We have to continue down this path and it’s a strength of the current government that they’ve been able to bring all these different sectors. If they only talk to the powerful capitalist interests and the older layer of union leaders, then the results will be the same as always.
There are strengths, there are weaknesses. The relation between social movements and the government is a good one, we understand the gravity of the crisis and the pandemic. We also all understand the nature of Macrismo and we all united to defeat that and so we should deepen that unity now.
What about cancelling the IMF debt? In Argentina, Ecuador, Bolivia, these debts were acquired illegitimately by illegitimate governments, is a default of sorts a demand of the workers movement? What are the difficulties involved in that?
RP: Firstly, we believe that there should be an investigation into the external debt the country has, to identify which parts of it are legitimate and which parts are illegitimate. The reality is that even during the people’s governments of the past, such as during Cristina’s period, the country paid some debts which we consider to have been paid off at the expense of workers, we mustn’t repeat those mistakes.
So, we should suspend payments, investigate the debt, pay that which is legitimate, but above all, we must break the cycle in which the country is indebted, then the capital held by the elites flees and therefore the debt ends up being nationalized and then paid off at the expense of the people. We all agree, debts must be honoured, but that which is fraudulent must not be. We have to reject the possibility of traditional IMF formulas being implemented, even if it’s done with a more human face.

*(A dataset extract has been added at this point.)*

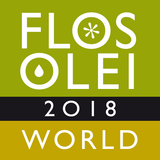 Flos Olei 2018 World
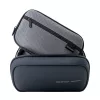 XD Design First-Class organizador de viagem tudo-em-um P706.3425, azul-marinho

Thank you for your time, any final message for people here in Bolivia?
RP: It’s always an honour to speak with our comrades in Bolivia. Our union has always been committed, since the very beginning, to the struggle against the coup. We’re proud to have given shelter to so many Bolivians who were being persecuted at that time. We’re proud to have been a drop of water in the unstoppable tide that brought the return of democracy and the return of hope in Latin America.